The maximal vertical speeds of the middle finger distal phalange/ wrist/ elbow joints of the Group 1 and 3 players were found to average 12; 8.93; and 3.69 m/s; and 8.52; 5.88; and 2.71 m/s, respectively (see Figure 3), with the differences found statistically significant (р≤0.05). The higher-ranked handball players were found to develop higher maximal speeds of the arm segments in the final phase of the ball speeding-up movement sequence.

Conclusions

The study found statistically significant differences in the average maximal horizontal and vertical speeds of the arm segments across different skill Groups of the subject handball players, with the higher-ranking players showing notably higher speeds. Therefore, it were the ball release speeds and the maximal arm segment speeds in the final phase of the ball speeding-up sequence that were identified as the key characteristics of the straight shot technique indicative of the player’s skill level.

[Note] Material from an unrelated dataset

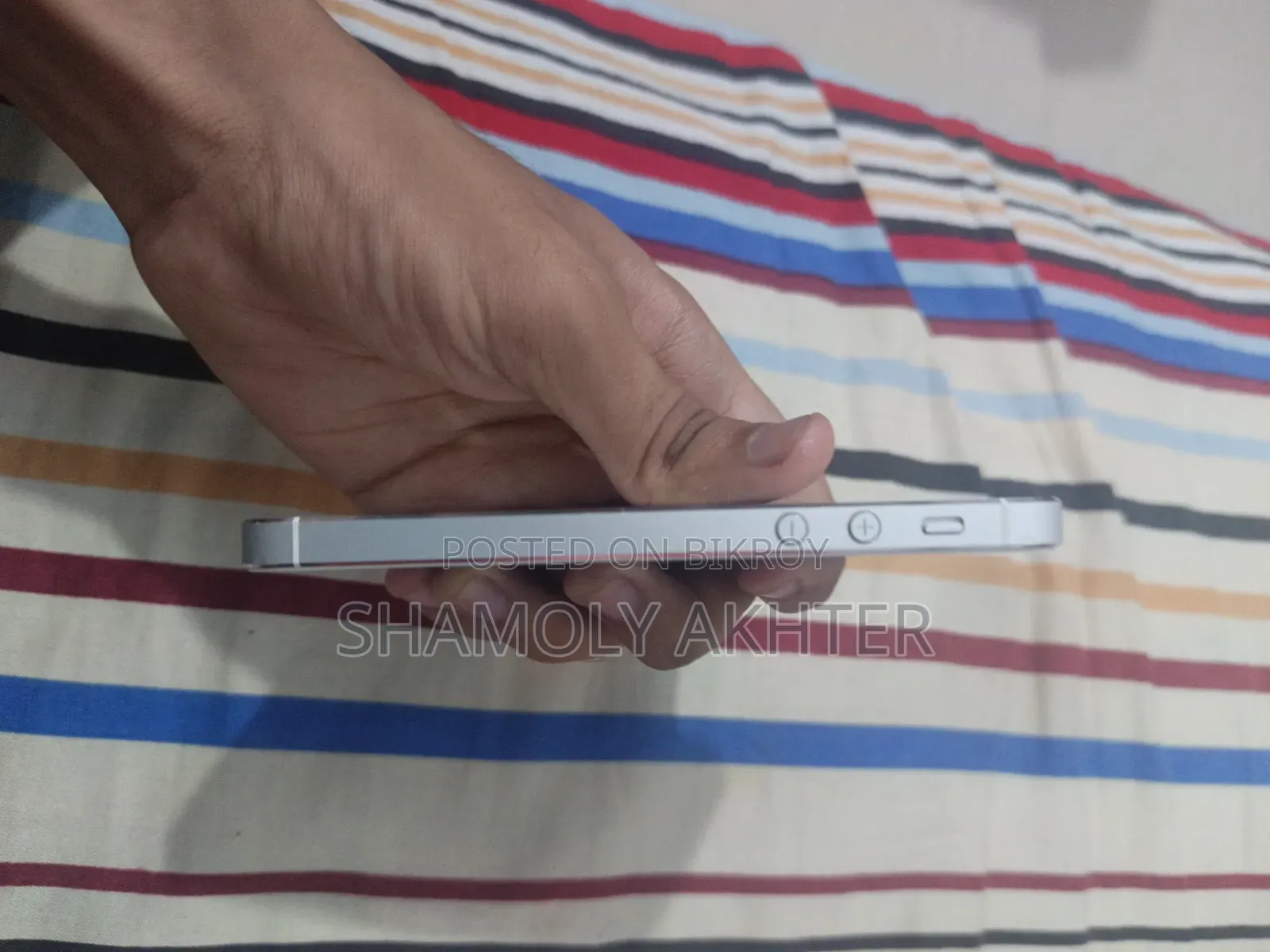 অ্যাপল আইফোন ৫এস ৬৪ জিবি গোল্ড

The higher was the skill level of the player, the higher was found to be the speeding-up step sequence and the back-leg extension speed, with the higher average horizontal and vertical speeds of the back-leg knee joints. Therefore, in the biomechanical-characteristics-based straight shot technique standardization process, due consideration will be given both to the final-phase speeding-up rates of the arm segments and the leg movement rating indicators of the last crossover step in the shooting sequence. 

References

  1. Kotov Yu.N. Biomekhanicheskie kriterii ratsional’nosti tekhniki broskov v pryzhke gandbolistok (Biomechanical criteria of rationality of jump shot techniques of handball players ) / Yu.N. Kotov, A.V. Voronov, I V. Petracheva // Teoriya i praktika fiz. kultury. – 2012. – # 4. – P. 72–74.
  2. Performance and kinematics of various throwing techniques in team-handball / H. Wagner [et all] // Journal of sports science and medicine. – 2011. – N 10. – P. 73–80.
  3. Pori, P. Jump shot performance in team handball-a kinematic model evaluated on the basis of expert modeling / P. Pori, M, Bon, M. Šibila // Journal faculty of sport. – 2005. – N 1. – P. 40–49.
  4. Šibila, M. Basic Kinematic Differences between Two Types Of Jump Shot Techniques In Handball / M. Šibila, P. Pori, M. Bon // Journal of faculty of sport. – 2003. – N 1. – P. 19–26.
  5. Van den Tillaar, R. Тhree-dimensional analysis of overarm throwing in experienced handball players / R.VD. Tillaar, G.A. Ettema // Journal ap. biomechanics. – 2007. – N 23. – P. 12–19.

Corresponding author: Qaisyaseen1986@gmail.com

Abstract
The work contains a comparative analysis of the characteristics of straight (walking-position) one-step shots for three groups of subjects. The study data was obtained using standard side-view-only video captures of the straight (walking-position) shooting technique. Players with higher skill levels had maximum values of horizontal speeds of arm segments exceeding those of other groups of players. The higher was the skill level of the player, the higher was found to be the speeding-up step sequence and the back-leg extension speed, with the higher average horizontal and vertical speeds of the back-leg knee joints. Therefore, in the biomechanical-characteristics-based straight shot technique standardization process, due consideration will be given both to the final-phase speeding-up rates of the arm segments and the leg movement rating indicators of the last crossover step in the shooting sequence.